I pulled over to a bodega sandwiched between two such gardens where several people were hanging out in the shade of the building. I got out of my car and approached the group of children and adults who were standing around and sitting on the stoop and on chairs.

"Hello. I'm a painter," I said. "Do you mind if I set up my easel here and paint?" I was met by a mixture of blank and perplexed expressions. Not to be swayed, I started to set up and soon the children came over and stood around my easel watching intently everything I did.

I had been painting only a few minutes when a woman in the window above the bodega shouted down to me, "You're in my view! You're in my view!" I wasn't sure what she meant. "I'm going to paint this scene," I explained, gesturing vaguely in the direction of all the people on the block. "You're in my view," she kept repeating, and not knowing what else to do, I began moving my easel. "Don't pay any attention to her," a young man called over to me from the stoop. "She's just a grouch, she grumbles at everybody." Several others called out in agreement with him (I began to feel I had entered into the local group dynamic) so I looked up at the woman, gave her a big friendly smile, and finally got down to some painting.

The hours passed and (in the shade) it was a beautiful day. Several folks came by to watch my progress and to chat, and I felt emboldened to ask some of them to hold certain positions longer or to move to one side or another. A table and set of chairs suddenly materialized down at the end of the block where another group of folks assembled to play cards or dominos, and this fit well into my composition. A boy of about thirteen who was walking home from school asked where he could stand to be included in the painting. While I was directing him as to where to stand, another kid complained, "He isn't even from this block. Why should he be in the picture and not us?" I finally gave in and put everyone into the painting. (I didn't tell them that once back in the studio I'd have to remove some of them for the sake of the composition.)

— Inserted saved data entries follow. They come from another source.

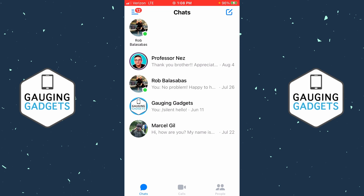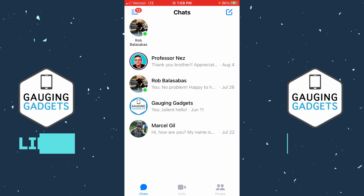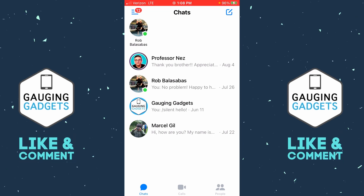Also consider subscribing to my channel, because that really helps me out. Now before we get started, it's important to note that if you block someone on Messenger, they will not be notified that you're blocking them. There's no way of them knowing unless they try to contact you or look at your profile.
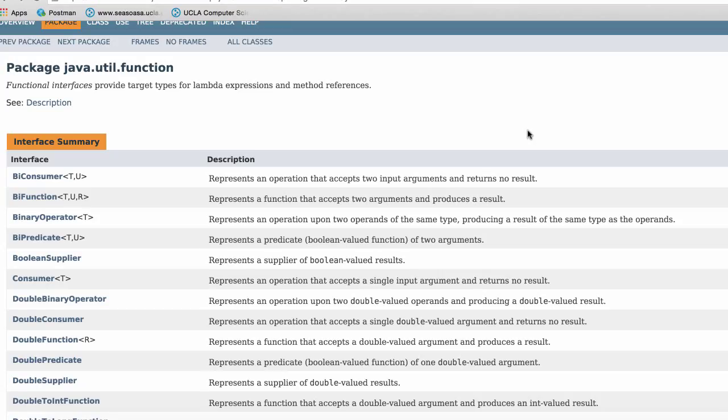Hey guys, welcome back. So in this video, we're going to look over some of the interfaces provided by the java.util.function package.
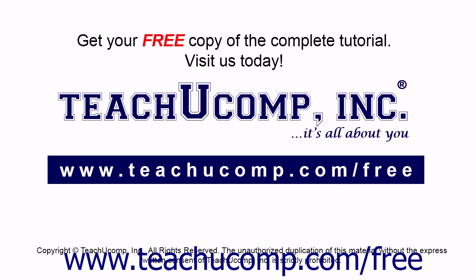Get your free copy of the complete tutorial at www.teachucomp.com/free.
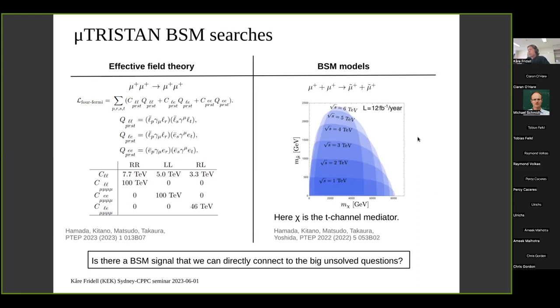A second strategy is to search directly for beyond-standard-model particles. For example, mu-plus mu-plus into two sleptons via a T-channel neutralino exchange. It has been shown you could probe neutralino masses up to 8 TeV, and depending on the center-of-mass energy, also probe different slepton masses. This reach is quite impressive.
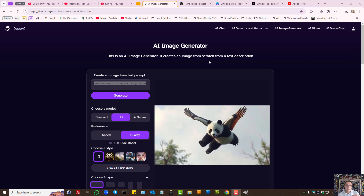When you want to generate images using AI tools, the most important part is what you place within the input prompt. Think of the AI tool as an artist that you're talking to using prompts. How you describe the image that you want makes all the difference in terms of its quality and realism.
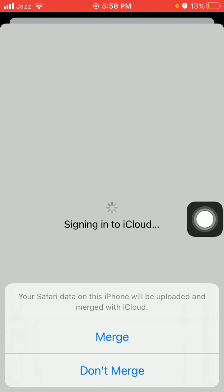Your data on this iPhone will be uploaded and merged with iCloud. If you want to merge, tap Merge. If you don't want, tap Don't Merge.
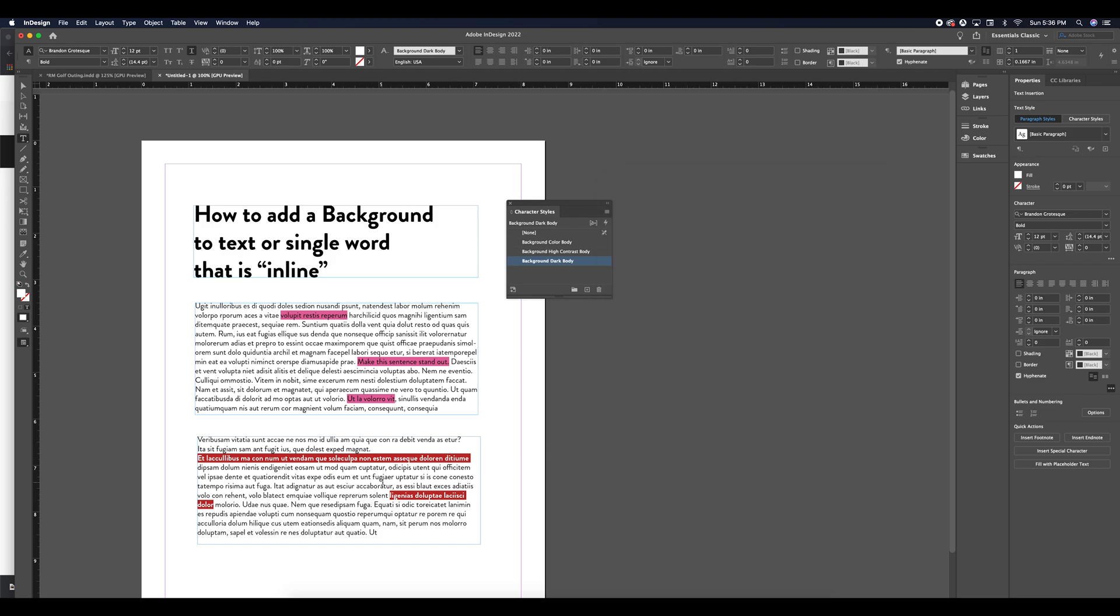And it's going to change every character style that I have within my document. So the power of this versus having text box and shape box laid behind elements is really in the fact that it's scalable and workable as you move forward with your project.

All day long, an older man had been sitting on a chair that was chained to a fence halfway down the block. He wore a colorful hat and I put him in the painting, liking the splash of color against the fence. Late in the afternoon, he approached me and took a close look at my painting. "Hey. You've got no right to paint me without my permission," he said. I looked at his face, and then at the painting. His image was less than an inch high and the only possibly recognizable feature was his colorful cap. "I don't want anybody to find me, and now they will find me because they'll see me in your painting," he predicted, extremely distraught. I dabbed my paintbrush on my palette and with a flick of my wrist made his hat black and yellow. This seemed to placate him and he shuffled back to his chair grumbling, "There's just no privacy in the world anymore, no, none at all."